The early scenes of Peter discovering and testing his abilities (with a funny, fan-pleasing moment when he tries to figure out how to make his wrists shoot webs) are enjoyable, like any Hero Learns the Ropes montage. And Peter’s first draft of what will become the red-and-blue Spider-Man togs is a terrific sight gag. But Peter becomes too virtuosic too quickly; before long, the computers take over and we’re watching a bits-and-bytes Spider-Man swing and zip all over the city. The people in his personal life — his devoted Aunt May (Rosemary Harris) and his legendarily doomed Uncle Ben (Cliff Robertson) — take a back seat, and the movie becomes about the clash between Spider-Man and evil genius Norman Osborn (Willem Dafoe), who turns himself into the cackling Green Goblin in response to being ousted from his own corporation.
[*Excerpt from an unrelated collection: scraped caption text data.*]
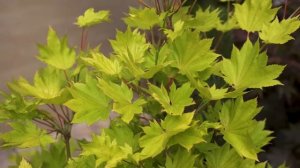 ДЕКОРАТИВНЫЙ САД В КОНЦЕ ИЮНЯ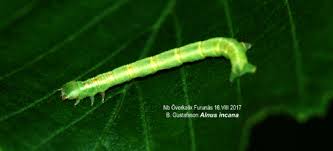 Attēlu rezultāti vaicājumam “Cabera pusaria male”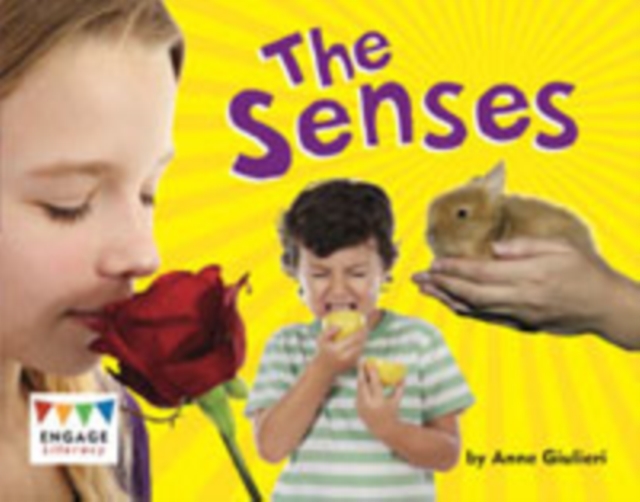 The Senses Pack of 6, Paperback Book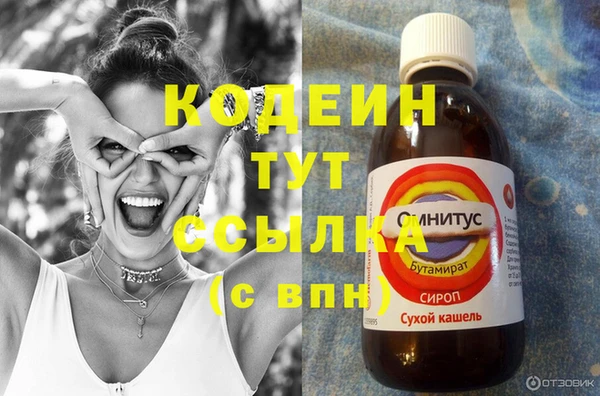 сатива Гусь-Хрустальный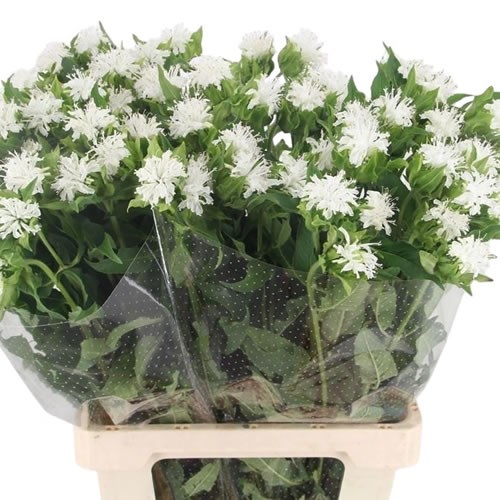 Monarda White
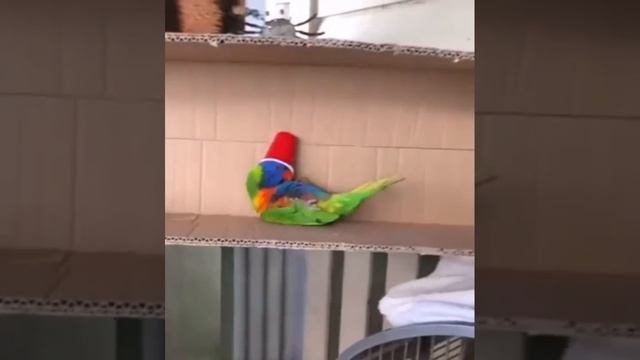 Каждый сходит с ума по своиму ) смотреть онлайн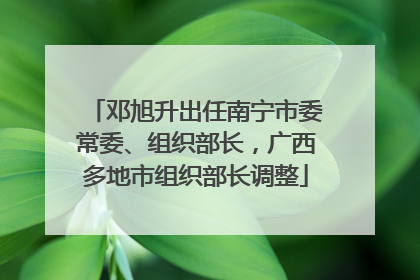 邓旭升出任南宁市委常委、组织部长，广西多地市组织部长调整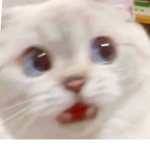 ~CatCatClothes~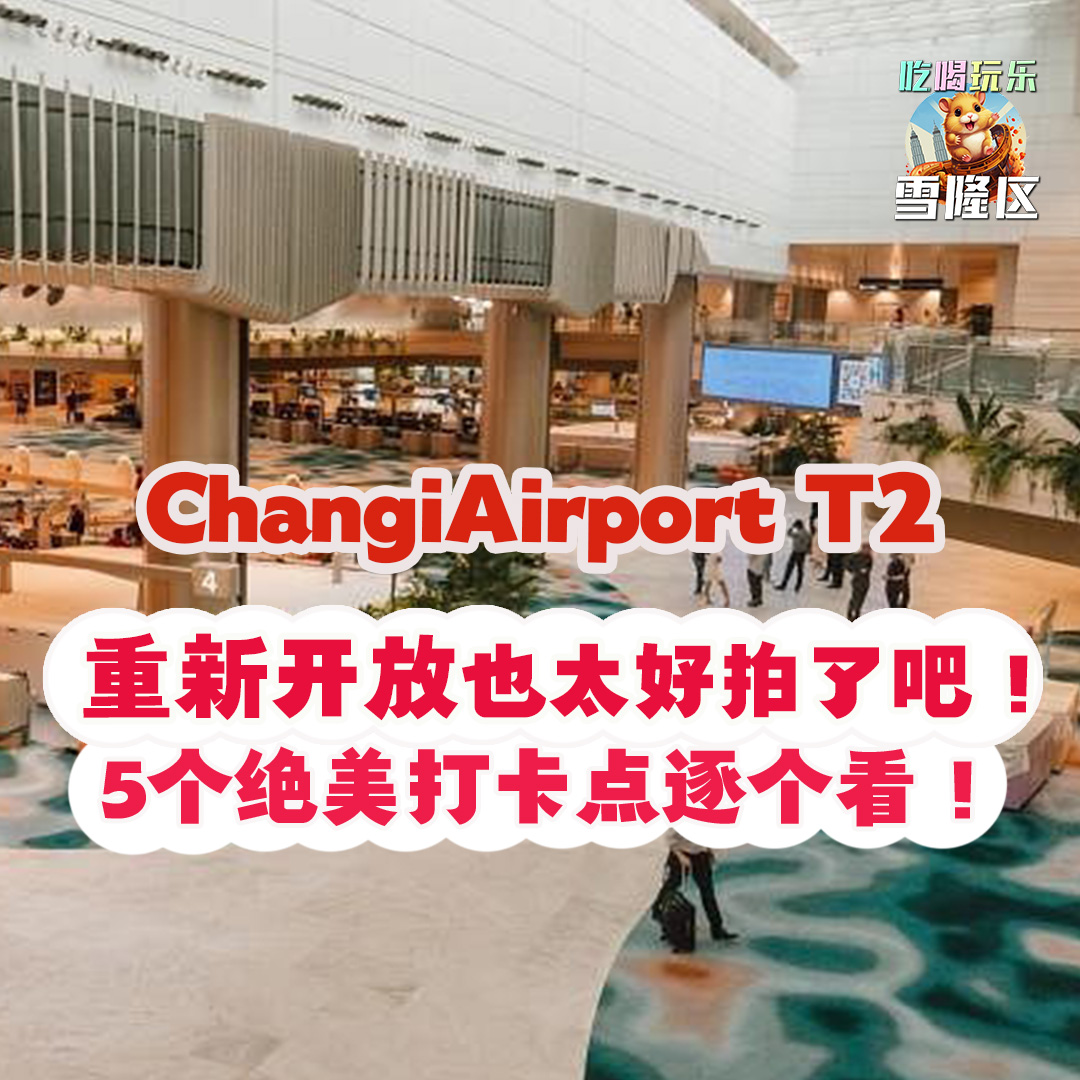 【 也太好拍了吧！Changi Airport T2重新开放！5个绝美打卡点逐个看！】
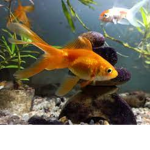 Gold Fish cult | fish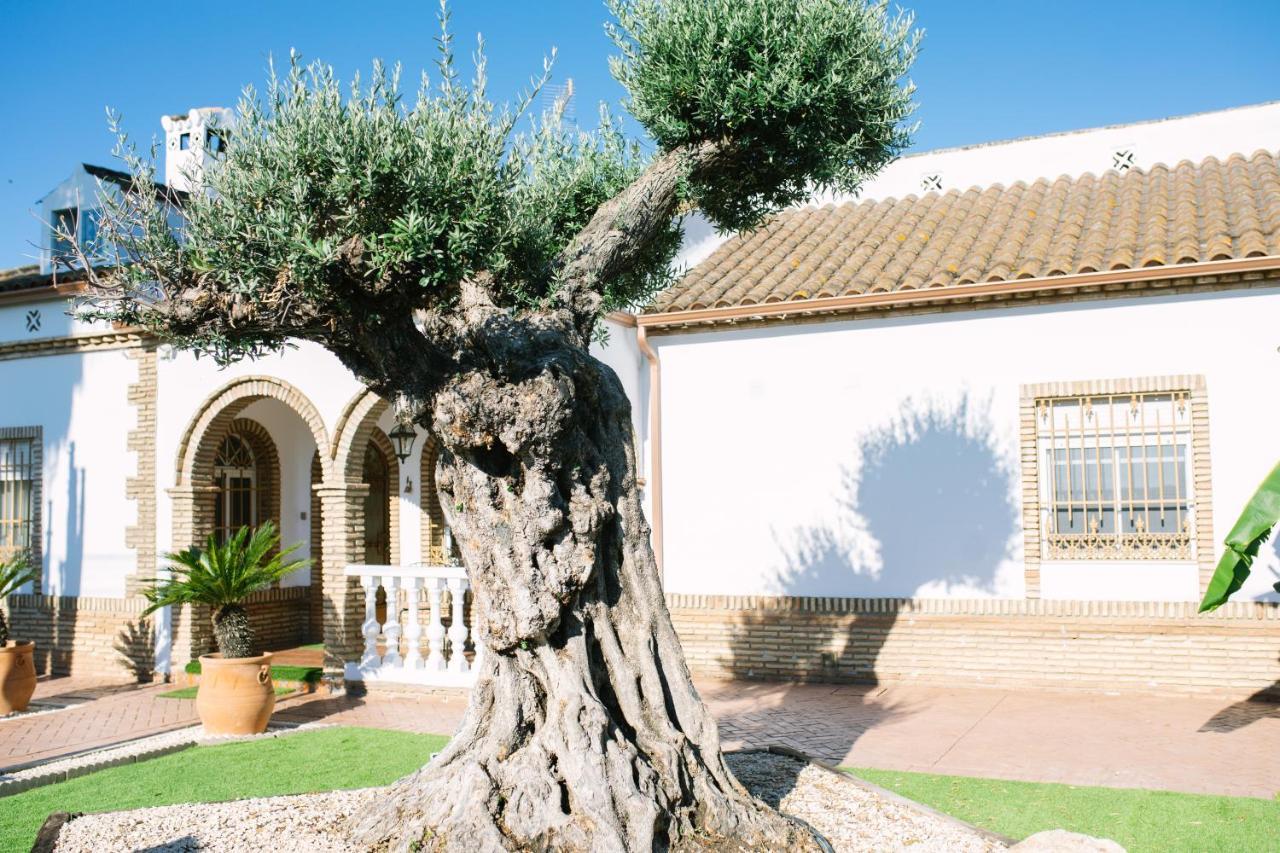 Affittacamere Casa Luxury "El Olivo De Cordoba" Con Jacuzzi Y Parking Privado Esterno foto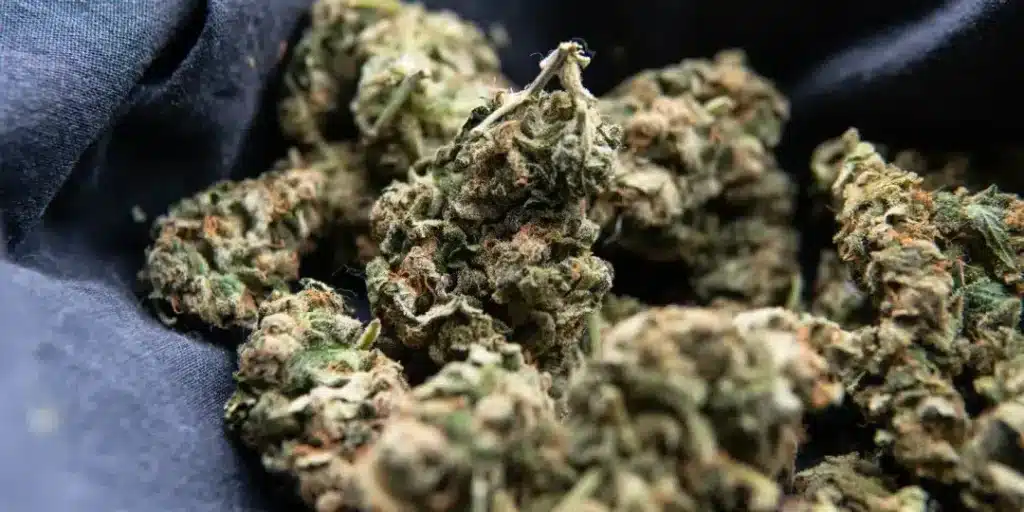 Best THCA Flower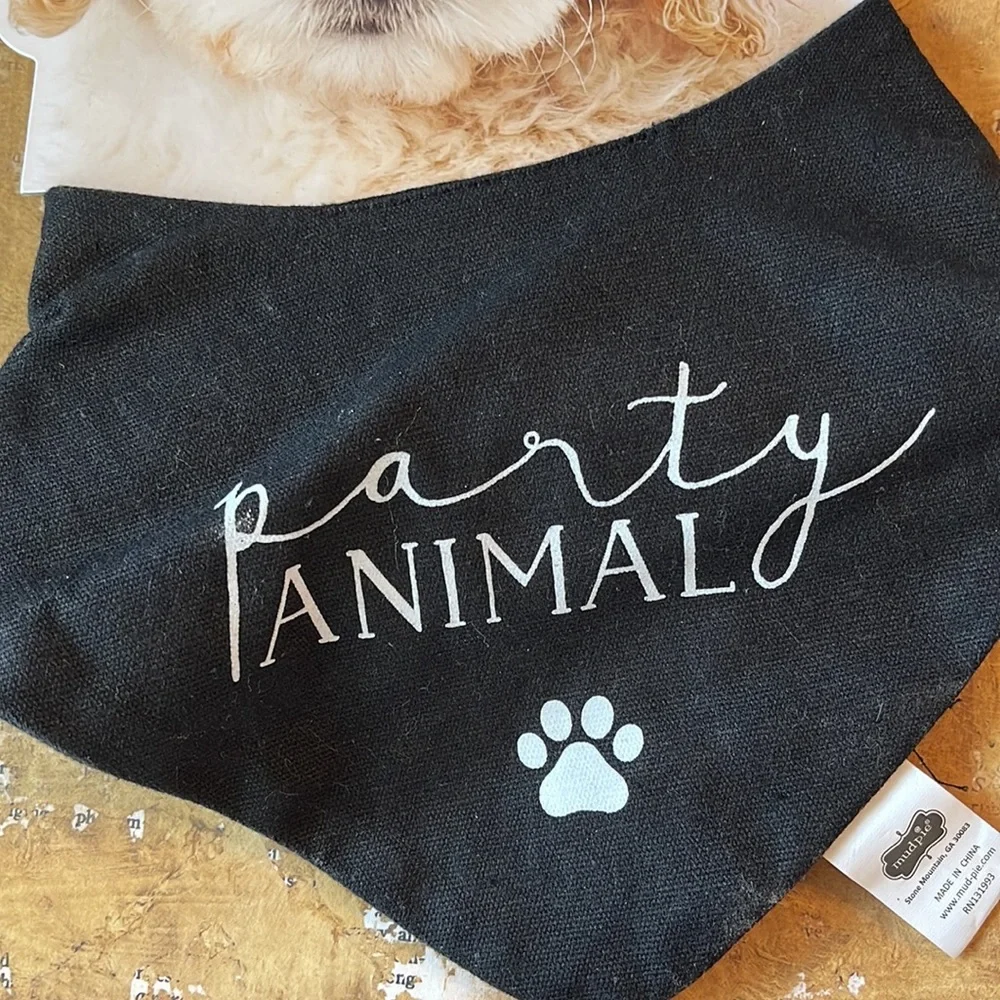 Mud Pie Black Doggie Bandana- Party Animal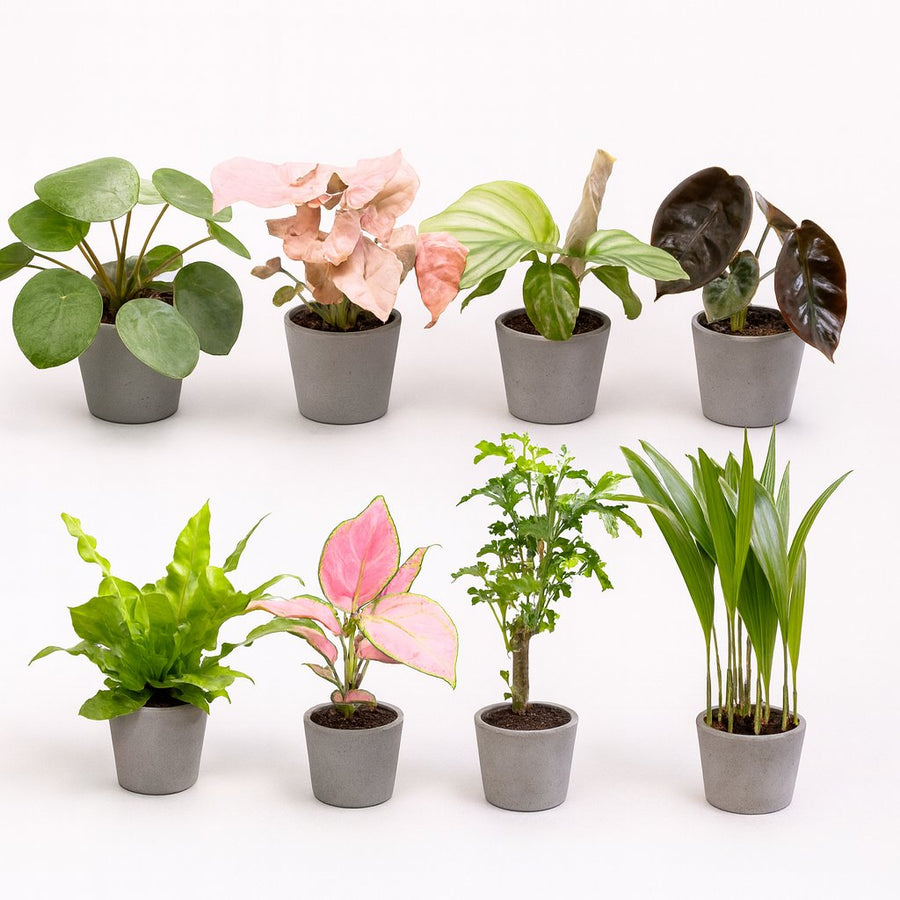 Babypflanzen-Überraschungsbox (8 Stück) - 5cm in einem modernen Studio mit modernem Topf
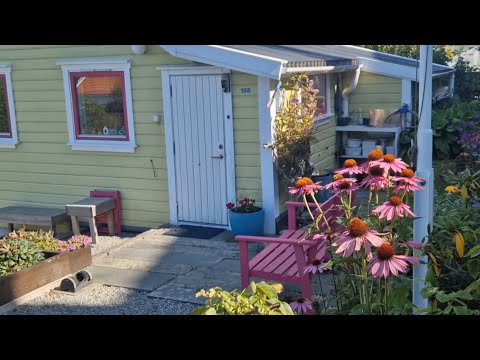 Видео: Норвежские дачи🇧🇻Что растёт📌Шикарный декор и клумбы📍
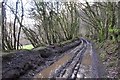 Mid Devon : Muddy Track through Little Wood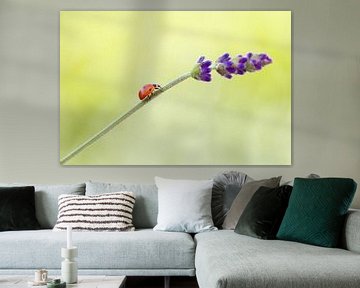 Lieveheersbeestje op lavendel van Andrea Hofstra
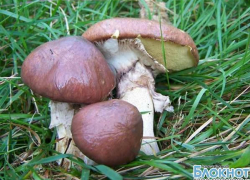 В Ростовской области увеличилось количество случаев отравления грибами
Dafoe has one wonderfully creepy moment when he achieves a perfect comic-book facial expression of complete megalomaniacal derangement. It makes you miss him all the more when he’s lost under the motionless Green Goblin mask, and when he’s up against Spider-Man you’re watching two guys in masks, as if the movie were history’s most expensive Halloween party. Maguire is appealing in his early, dweeby scenes, and Kirsten Dunst gets a gently teasing rhythm going with him, but you keep thinking they’ve both been in richer stuff than this. If the press is to be believed, you’re going to see a lot more fine actors collecting paychecks in these superhero thrill rides; they make the rides smoother, but they get turned into action figures.

J.K. Simmons comes through; as the blustery J. Jonah Jameson, publisher of the Daily Bugle, who has a knee-jerk distrust of Spider-Man, Simmons understands exactly what kind of movie he’s in and delivers a rapid-fire performance of high comedy, both utterly true to the comic-book character and entertaining for newcomers. Once again, he’s the best thing in a Sam Raimi movie. Spider-Man is unquestionably the biggest box-office success this once-great director (who made his name with the delirious Evil Dead films) will ever make, and it’s certainly livelier than his past few films, but Raimi has already made a brilliant superhero movie — 1990’s Darkman, which wasn’t based on a comic book but played so affectionately with every comic-book cliché that it was as if Raimi were saying to Hollywood, “This is how you do it.” Spider-Man doesn’t have anything like Darkman‘s parodic pop majesty. Raimi, who once was such a go-getter director that he had to invent cameras to get the swooping shots he wanted, stages the action here like any other high-paid summer-movie maestro. This time, it’s as if Hollywood were saying to Raimi, “This is how you do it.”